Lengthening the Lever

The lever is longer but it just bends instead of getting you some respect from your nose-thumbing ancestor
Next comes a census record. The age given doesn’t match the Bible record very well at all and the state is different but it lengthens the lever. Next another census record is added. Ten years earlier and only seven years younger and the state is different again. Still a very flimsy lever. Not really a lever at all.
Time to Strengthen the Lever
You need a strong lever and it won’t be easy to build. It will take many different pieces to put it together.
You decide to calculate rough ages for siblings from what you can learn about them.
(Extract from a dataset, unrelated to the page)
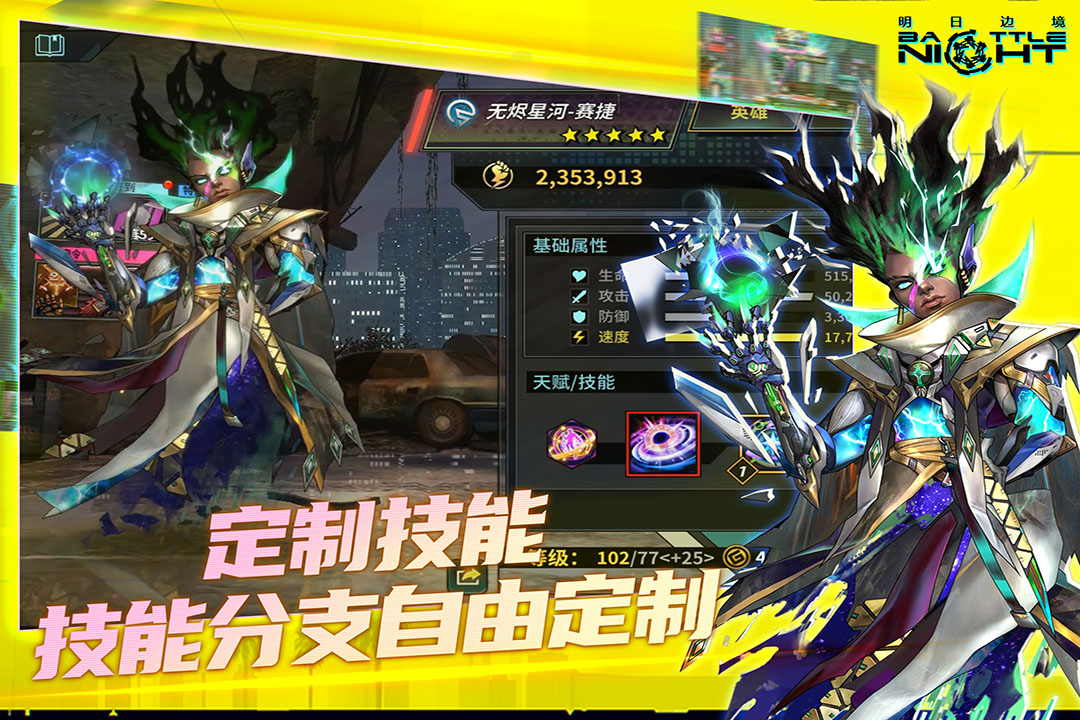 明日边境官方版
If they really are siblings, your problem person should somehow fit into the pattern. That is another addition to your lever.
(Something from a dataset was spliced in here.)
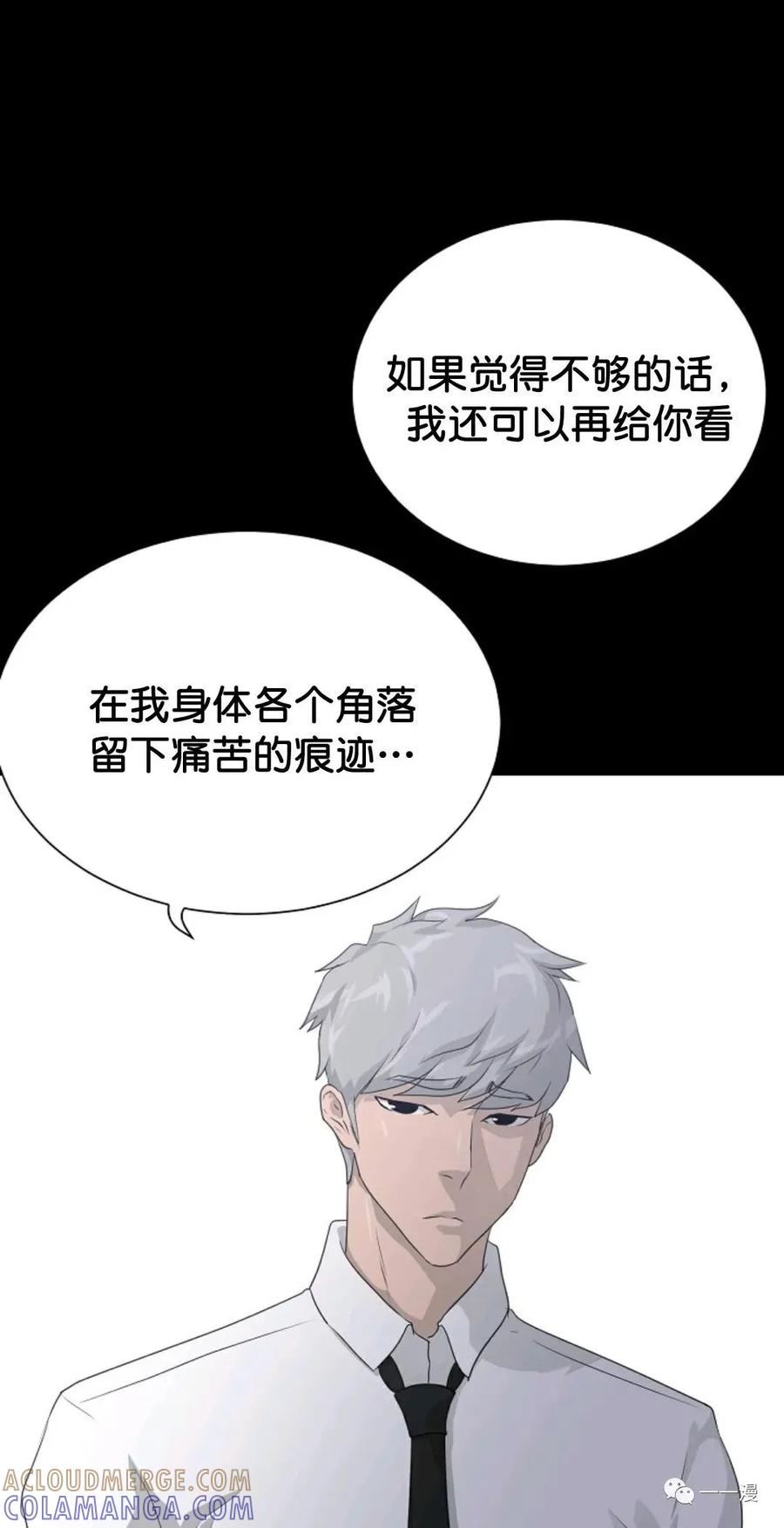 《触发人生》34 第19页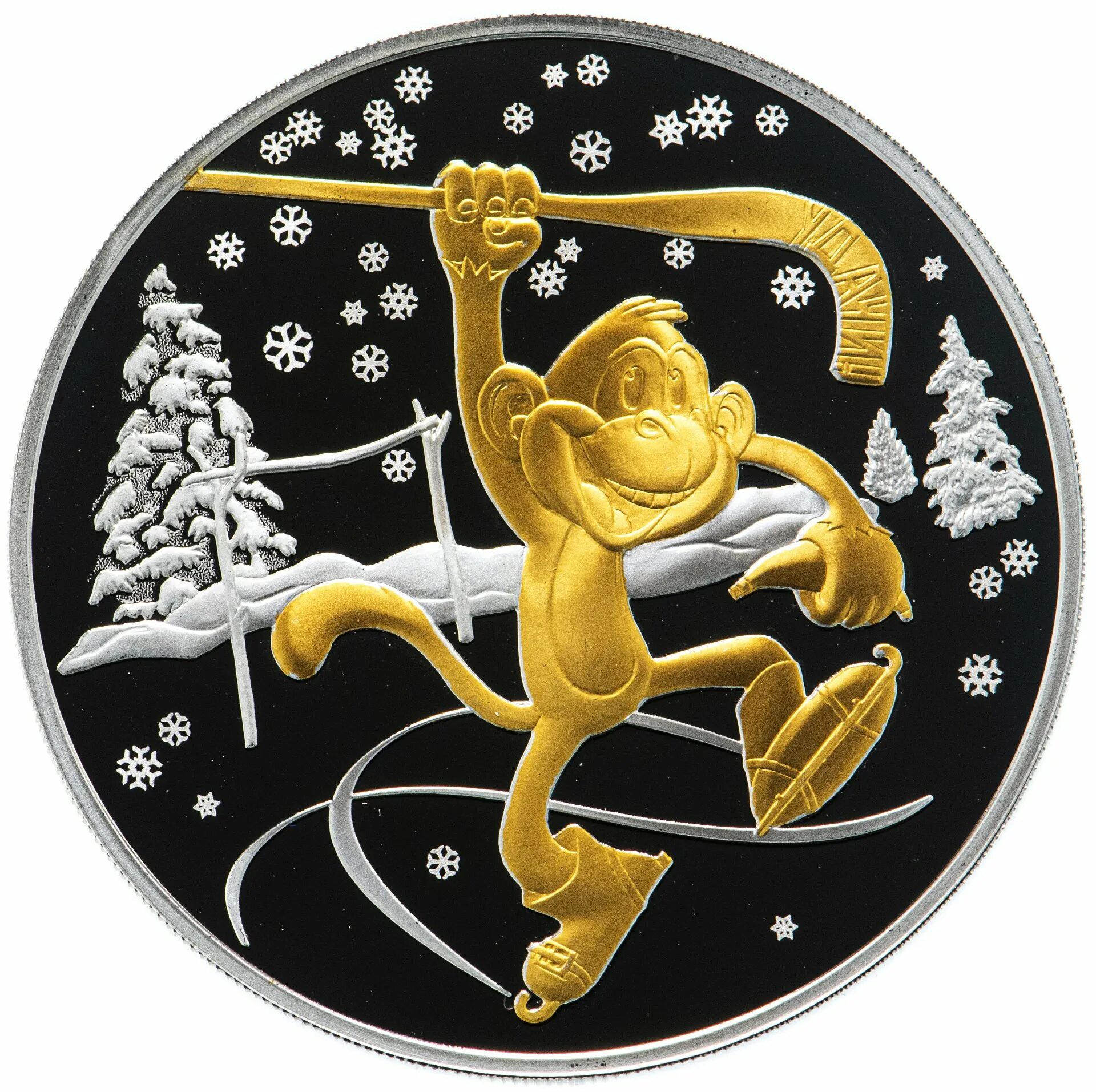 Гороскоп обезьяна скорпион. Год обезьяны. Год обезьяны монета. Монета 2016 с обезьяной. Знак года обезьяны.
You start to investigate the other people in the area. Many of them came from the same general vicinity before they settled. Perhaps that place should be investigated. You add it to your lever. Another family with a similar surname turns up suspiciously often near your problem ancestor. You add that alternative surname to your lever. You trace them back to where they were a generation before. Your lever is getting better.
A sibling’s obituary gives a supposed place of birth. You hadn’t run across that place in your searches. It turns out to be along a migration route that points back to a region that was already suspicious. More leverage.
A county history makes a claim about your problem person’s ethnicity. One of the places that has turned up is associated with that group. Interesting… More leverage…
You find a letter that mentions a “cousin” that you had never heard of before—more strength to be had there with some research.
Moving the Fulcrum
Another thing to try is moving the fulcrum, the boundary between what is known and what is unknown. Perhaps you can locate a land record that implies that your problem person has come of age. Years earlier you find a will in which the father lists your problem person among his minor children. Those give you new and more reliable times. You can reposition that fulcrum.
One Last Effort
Once the lever has some length, some strength and you’ve pushed the known as close as you can to the problem, it is time to jump on the lever—hard. Think, integrate, discover subtle clues. Your airborne ancestor will thank you.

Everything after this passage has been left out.